Scrolling through the various April traffic reports today and looking at the reported load factors I noted that the lowest reported today was Southwest’s 72.%, which is slightly higher than April 2007. Actually, American Eagle reported a lower load factor than Southwest – 70.8% – but typically regional airlines have lower load factors because their aircraft have fewer seats and a no show on a 50 seat aircraft has a statistically more significant impact than one on a 140 seat aircraft. If we had ever achieved a 70% load factor at Business Express while I was there, well, I’d still be there.
United reported 80.5%, USAirways reported 83.2, Delta was at 81.4%, American reported 80.1, and Alaska was at 75.0 for the month of April. Although the load factors for UA and AA were down year-over-year (-3.6 points for UA and -2.0 for AA), others reported load factors that were unchanged or even slightly higher than April 2007.
Excess capacity? I’m not sure how that is defined, but with many carriers running load factors around 80% it sure doesn’t seem like there are too many seats out there. Heck, nobody’s got any room to accommodate many more passengers. With an average load factor of 80% on all flights, it is safe to say that peak flights are sold out – all the time. Hey – anybody want to start an airline!

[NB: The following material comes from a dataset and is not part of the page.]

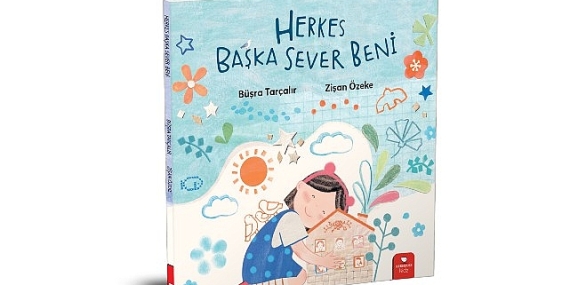 Herkes Başka Sever Beni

Ironically, it is the carrier with that reported the lowest April load factor today, Southwest, that has managed to remain somewhat profitable during these last few months. Hmm……maybe the unprofitable airlines need to fire some of their customers and hire the ones flying on the profitable ones; evidently it takes fewer of them to make a profit.
Of course, I am being facetious, but here’s the point. If you can’t make money with an 80% load factor I am not sure the problem is too much competition. True, the cost of oil is a big factor, and the economic pressures on the consumer are real. But the size of the U.S. domestic airline market isn’t the problem; the problem is finding the profitable customers within that market.
BusEx was my first airline; I left them to go work for a different regional when they were in Ch. 11, which was a mistake as it turned out, but I finally got to a major a couple years ago. I understand BusEx was ultimately absorbed into American Eagle’s operation but they kept their offices up in NH for quite a while.
So long as you price your product at less than it cost to produce it then you will run an eighty percent load factor. The cheapest ticket between DFW-SEA on aa.com between July 15th to July 22nd is $124.00. Now using the same formula go to greyhound.com and you will find the fare at $114.00. Two days on the bus for a lousy ten bucks.
I started there in 1985 and got “purged” by Bryan Bedford in 1994, so I never went to Pease.
Airline pricing is a black art and there are some markets where the demand is fairly inelastic; it stays fairly strong even when fares go up. Since the airline product has turned into a commodity and there is little differentiation between domestic carriers, there seems to be a reluctance to test the elasticity of demand for fear of loss of market share; hence your $124 fare SEA-DFW. However, the real problem isn’t that there is too much capacity.
Bryan seems to keep his own little “team” with him wherever he hangs his hat. He did seem like a very nice and approachable guy to me…now some of the people on his “team” (including my boss) were a different story entirely.
I didn’t start at BusEx until 1995, so they were already at PSM by the time I got there. They later moved up the road about 10 miles to an office complex in Dover. Their PSM office space was being used by Pan Am/Boston-Maine so I presume it’s now available for rent again, or will be soon.